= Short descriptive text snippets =
□ □ □

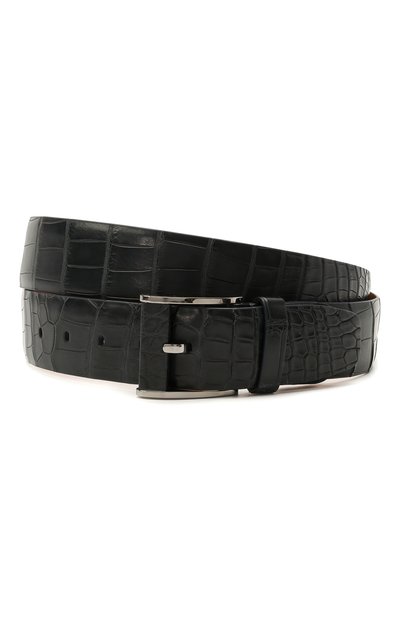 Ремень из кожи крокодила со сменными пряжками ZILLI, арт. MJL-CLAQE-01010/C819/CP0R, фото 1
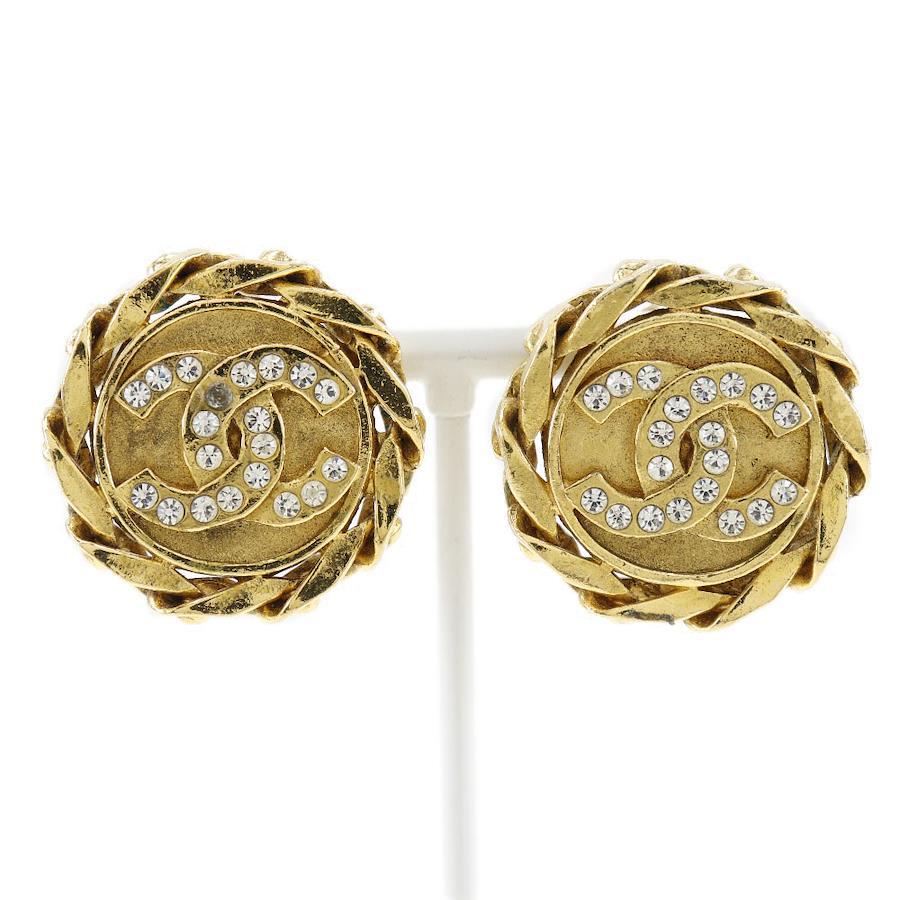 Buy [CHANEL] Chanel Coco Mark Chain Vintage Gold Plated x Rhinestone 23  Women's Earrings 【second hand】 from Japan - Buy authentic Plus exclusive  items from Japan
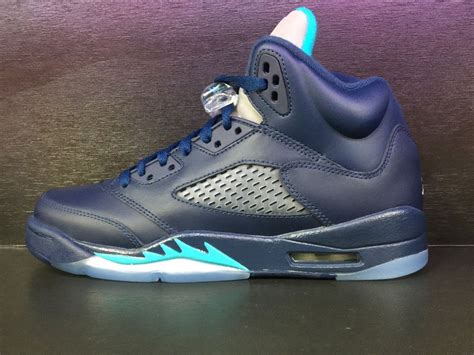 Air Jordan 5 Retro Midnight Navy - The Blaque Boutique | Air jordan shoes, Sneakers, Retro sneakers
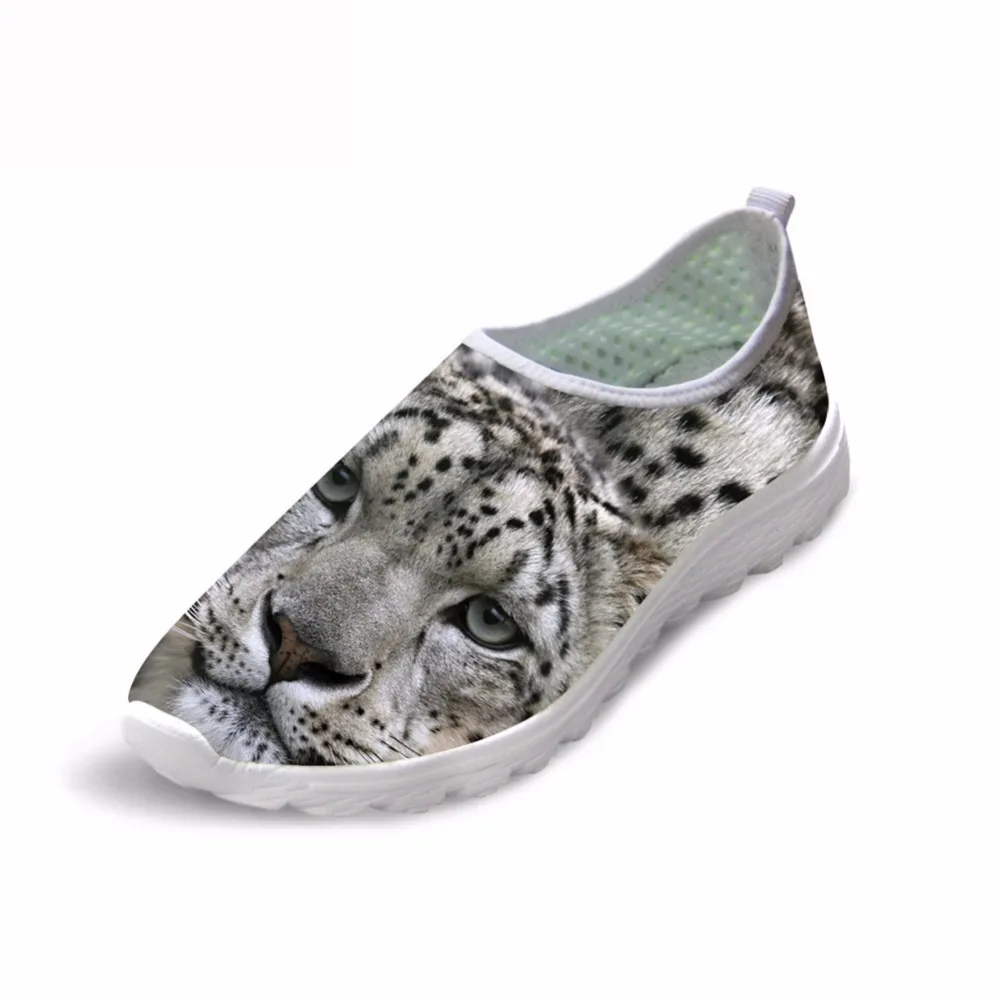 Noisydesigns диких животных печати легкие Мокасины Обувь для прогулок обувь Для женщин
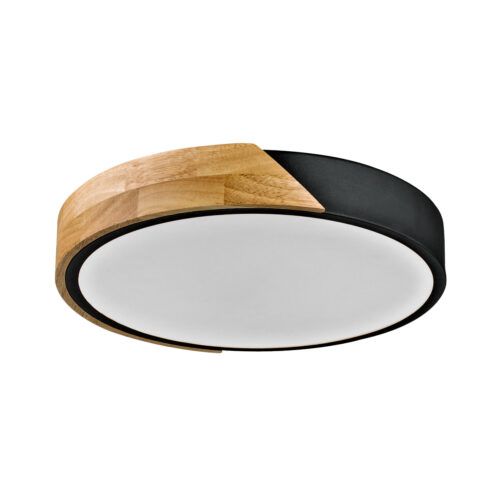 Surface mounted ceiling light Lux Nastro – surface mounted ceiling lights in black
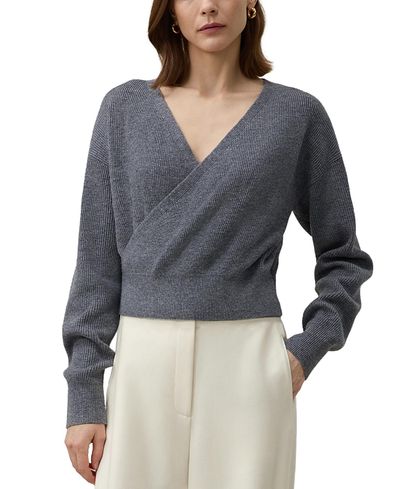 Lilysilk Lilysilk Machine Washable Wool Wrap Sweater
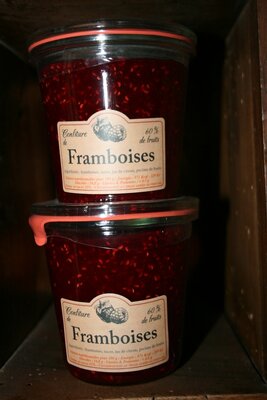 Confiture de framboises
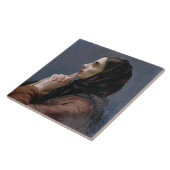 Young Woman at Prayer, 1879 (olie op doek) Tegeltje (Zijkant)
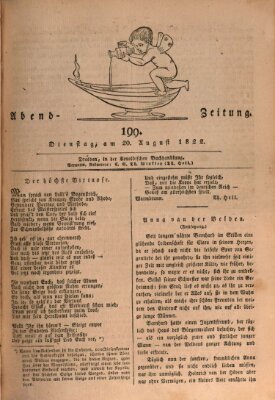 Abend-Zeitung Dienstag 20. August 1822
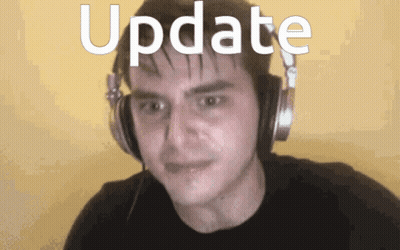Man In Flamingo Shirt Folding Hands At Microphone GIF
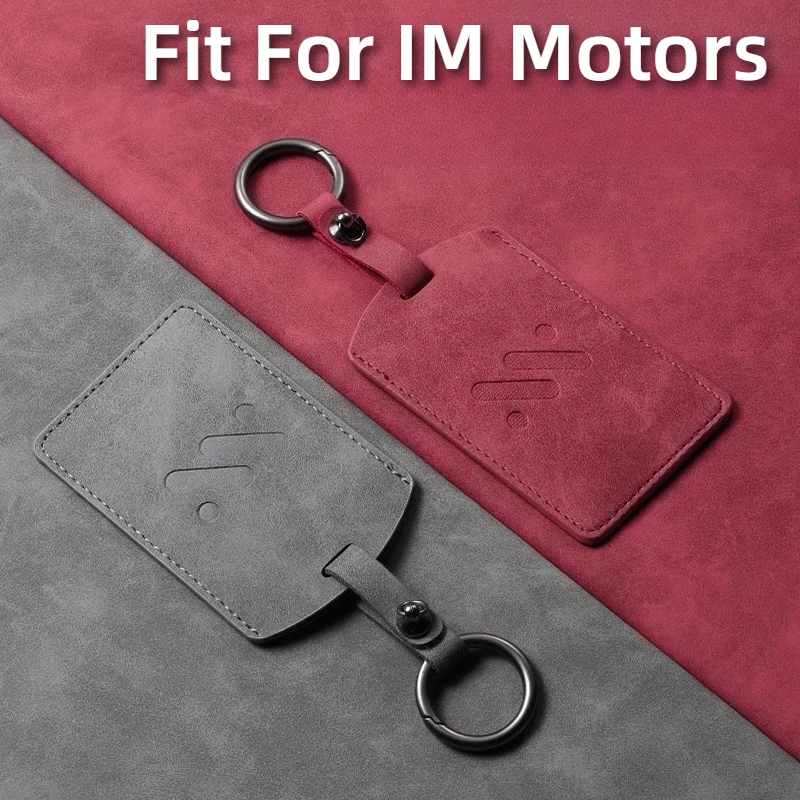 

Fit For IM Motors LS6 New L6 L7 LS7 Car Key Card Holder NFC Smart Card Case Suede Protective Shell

□ □ □

= Task statement =
Output nothing but the records, word for word, and none of their pictures.

= Answer to this problem =
 Ремень из кожи крокодила со сменными пряжками ZILLI, арт. MJL-CLAQE-01010/C819/CP0R, фото 1
 Buy [CHANEL] Chanel Coco Mark Chain Vintage Gold Plated x Rhinestone 23  Women's Earrings 【second hand】 from Japan - Buy authentic Plus exclusive  items from Japan
 Air Jordan 5 Retro Midnight Navy - The Blaque Boutique | Air jordan shoes, Sneakers, Retro sneakers
 Noisydesigns диких животных печати легкие Мокасины Обувь для прогулок обувь Для женщин
 Surface mounted ceiling light Lux Nastro – surface mounted ceiling lights in black
 Lilysilk Lilysilk Machine Washable Wool Wrap Sweater
 Confiture de framboises
 Young Woman at Prayer, 1879 (olie op doek) Tegeltje (Zijkant)
 Abend-Zeitung Dienstag 20. August 1822
Man In Flamingo Shirt Folding Hands At Microphone GIF

Fit For IM Motors LS6 New L6 L7 LS7 Car Key Card Holder NFC Smart Card Case Suede Protective Shell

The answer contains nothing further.